7 Things to Remember Before Writing Business Emails
Effective communication is the key to success in any professional field. Now that most of the companies are forced to work from home because of lockdown, online workspaces have emerged out to be quite a necessity during this hour of need. Not only it makes communication easier by creating explicit threads but also improvises the overall process of project management.
Why email: Despite of all the modernized mode of e-communication, email still stands out to be the most accessible and cheapest. For any small organization to flourish email communication acts as an instantaneous support channel for conveying information and your way of writing it is the first impression that you embark upon the receiver. Be it applying for a new position, proposing a business idea to your client or detailing a policy change of your company, email is still the preferred mode of business communication.
Now that you have got an idea about the importance of email centric to business, you must know certain etiquettes, formats and styles when you write a business email.
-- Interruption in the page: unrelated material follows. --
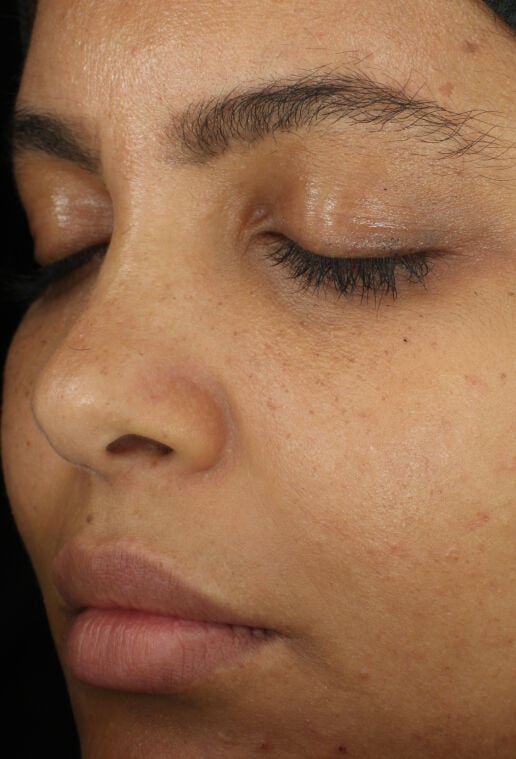 Complexion Clarifying Serum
If you wish to receive a swift response from your recipients or want to depart a positive enduring impression, your need to take that extra bit of care when you write a business email. Here’s a glance at 7 simple things to follow before you write your next business email:
- Brief yet descriptive subject line: Your subject line must provide a clear picture about the content of your email. In an ocean of hundreds of other emails, if you want your receiver to focus on your email, you must ensure to have that catchy subject line. It should be relevant and to the point. For example, you want to detail your client about a series of meetings that you had with a 3rd party last week make a subject line like:
“Summary of meetings with XYZ suppliers”
- Less is more: Remember the reader doesn’t want to spend too much time on your email. Too long phrases can confuse the recipient and cause loss of interest. Hence, keep it concise and easy. Don’t use complicated expressions or proverbs. Start with a small greeting, then the aim of your email followed by any additional information you wish to produce. Next include the particular call to action, that is, the task to be accomplished. Ensure to have enough clarity in this part. End your email with a closing message preferably polite phrases like “Kind Regards”/“I look forward to your response”.
- Know your recipient: The audience is always the highest priority. Based on the background of your reader, whether it is your boss, client or a close colleague, your email tone may vary. While your close colleague may accept an informal message, your boss or client may not like it. For example, phrase like “Could you look into it?” is well recommended for your work buddy however your boss might prefer the identical to be as “I was wondering if you could look into it?”. You have the liberty to use acronyms in your email when your recipient already has the deep knowledge about the specific project you’re referring to, while in other cases where you’re not much tuned to your audience, it is advisable not to do the same.
- Punctuations and grammar: While this criterion isn’t so important when you write an informal email to your close colleague, the same turns out to be of utmost value when you write to your boss/client. Give yourself the time for correct quality check once you draft an email. Use proper spacing, accurate punctuations and fonts to grant an attractive visual look to your email. This will again capture your reader’s attention easily.
- Directive or indirective: This again depends on the kind of your recipients. In some professional cultures, recipients like the emails to be clear and direct showing precisely what the sender wants, whereas, in some cases, it is impolite. So, adjust your email tone accordingly. Here’s an example,
Direct – ‘There will be a delay’.
Indirect – ‘I’m afraid there will be a slight delay’.
- Positive approach: Using positive phrases like “helpful, good question, agreed, together” describes your work attitude. This often helps you to build up a close connection with your reader.
- Observe your feedback: Try to obtain feedback of your way of writing emails. This may facilitate your improvisation and encourage you to keep going.